Provided data —
================
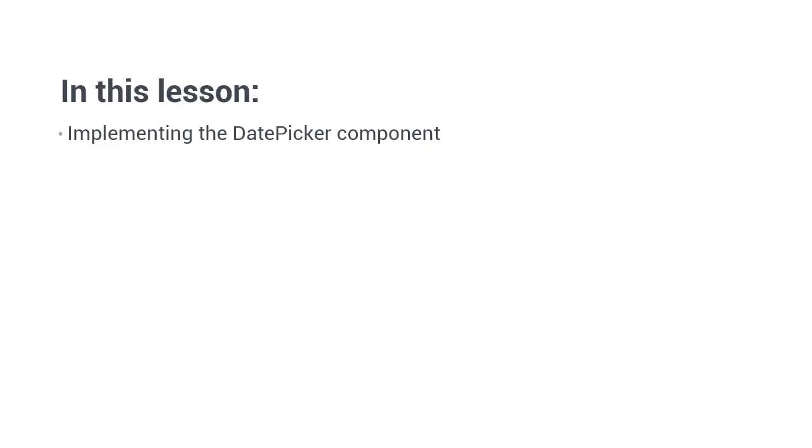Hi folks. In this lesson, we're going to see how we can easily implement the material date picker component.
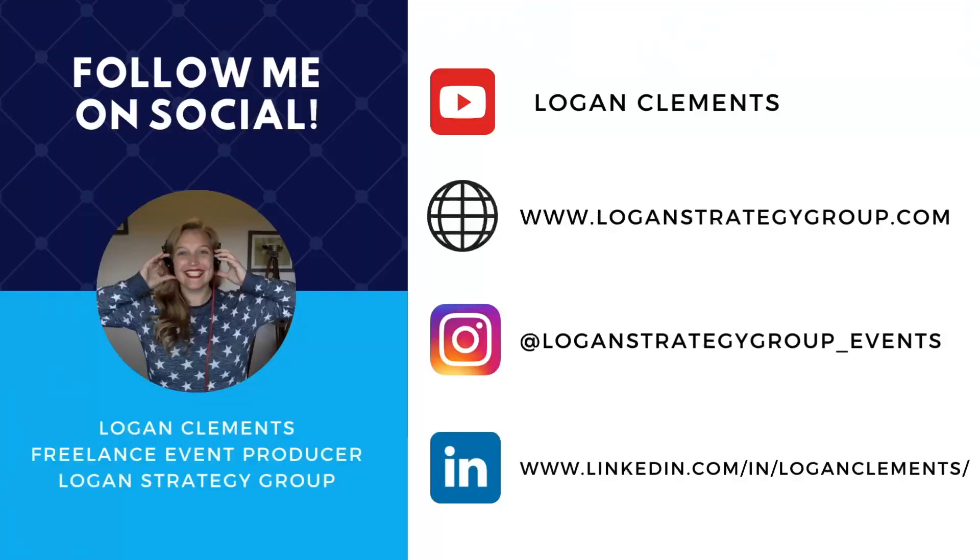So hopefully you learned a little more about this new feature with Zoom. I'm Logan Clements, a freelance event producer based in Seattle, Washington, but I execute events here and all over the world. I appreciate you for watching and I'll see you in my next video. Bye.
================
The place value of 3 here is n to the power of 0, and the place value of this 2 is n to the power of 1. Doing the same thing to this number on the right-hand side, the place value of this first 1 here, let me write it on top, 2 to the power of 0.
================
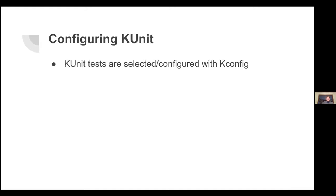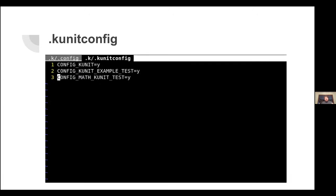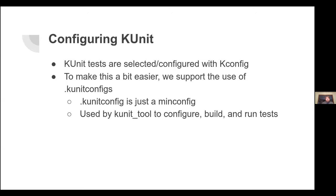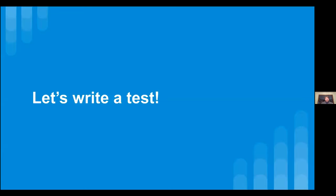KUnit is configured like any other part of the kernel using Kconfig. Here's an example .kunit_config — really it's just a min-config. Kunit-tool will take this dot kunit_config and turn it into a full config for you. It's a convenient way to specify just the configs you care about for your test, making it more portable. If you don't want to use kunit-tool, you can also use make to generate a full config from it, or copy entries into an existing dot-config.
================
Exercise prompt —
Between and including the line above that contains "Hi folks. In" and the line that contains "So hopefully you", restate every line word for word. Pictures stay out.

Answer section —
Hi folks. In this lesson, we're going to see how we can easily implement the material date picker component.
So hopefully you learned a little more about this new feature with Zoom. I'm Logan Clements, a freelance event producer based in Seattle, Washington, but I execute events here and all over the world. I appreciate you for watching and I'll see you in my next video. Bye.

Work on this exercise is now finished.